Fortunately, judging by the comments to Florida’s post, most of The Atlantic’s readers seem not to be confused. As “Aaron” wrote shortly before 3:30 today: “It would appear that most of the comments realize that this map is unsurprising, misleading, and -frankly- irrelevant.”
I'm beginning to think there is a larger lesson here.
Here's what happened:
Richard Florida took ProPublica's bailout numbers and created a map purporting to track stimulus dollars. (ProPublica has never "mapped" the bailout.) We told him of his error, so he re-labelled it as a bailout map (which makes little conceptual sense).
Matt Yglesias saw the original post but not the corrected one that had already gone up and posted a piece criticizing ProPublica. We pointed out the facts to him and his re-labeled it as a criticism of Florida.

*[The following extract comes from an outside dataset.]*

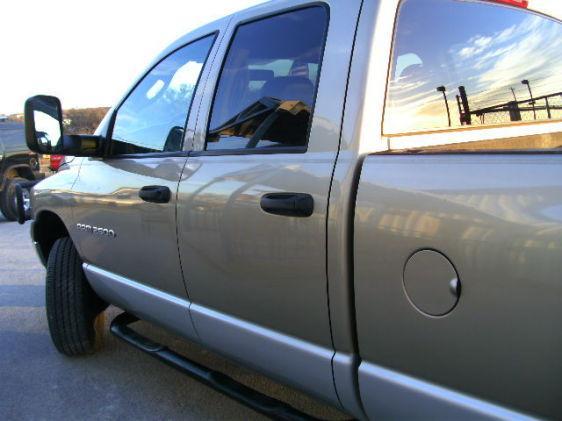 Dodge Ram Pickup 2003 photo 2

Now CJR posts a piece saying ProPublica's "idea" to map the bailout "probably wasn't the best", even though it wasn't our idea and we didn't do it.
Does anyone else think that the lesson here is that more phone calls should be made before hitting the "psot" button?

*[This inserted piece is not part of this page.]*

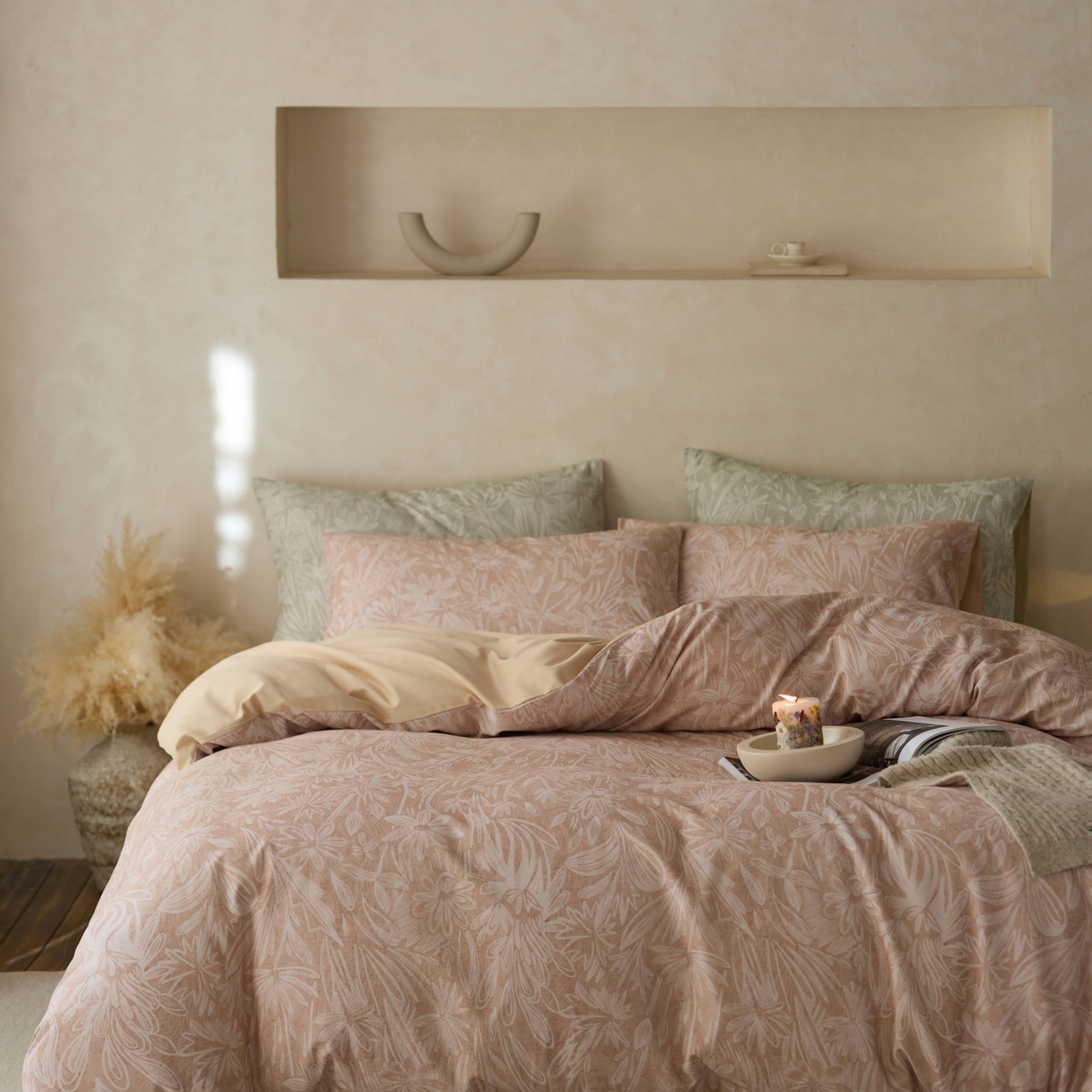 91家纺网 家纺一手货源 找家纺 安莱生活 2025新款A类40支磨毛印花全棉四件套 觅境-粉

#1 Posted by Richard Tofel, CJR on Sun 23 Aug 2009 at 08:43 AM
I'm beginning to think there is a larger lesson here.
Here's what happened:
Richard Florida took ProPublica's bailout numbers and created a map purporting to track stimulus dollars. (ProPublica has never "mapped" the bailout.) We told him of his error, so he re-labelled it as a bailout map (which makes little conceptual sense).
Matt Yglesias saw the original post but not the corrected one that had already gone up and posted a piece criticizing ProPublica. We pointed out the facts to him and his re-labeled it as a criticism of Florida.
Now CJR posts a piece saying ProPublica's "idea" to map the bailout "probably wasn't the best", even though it wasn't our idea and we didn't do it.
Does anyone else think that the lesson here is that more phone calls should be made before hitting the "post" button?
#2 Posted by Richard Tofel, CJR on Sun 23 Aug 2009 at 08:44 AM
Richard --
Thanks for your comment, but I'm a little confused. The link in this post under the words "mapped by ProPublica" takes readers to this page -- http://bailout.propublica.org/main/map/index -- which is on the ProPublica site and is headlined "The Map of Bailout Recipients." That's what I was referring to as "ProPublica's idea to 'map' the bailout." That's also the page to which Florida linked in his post.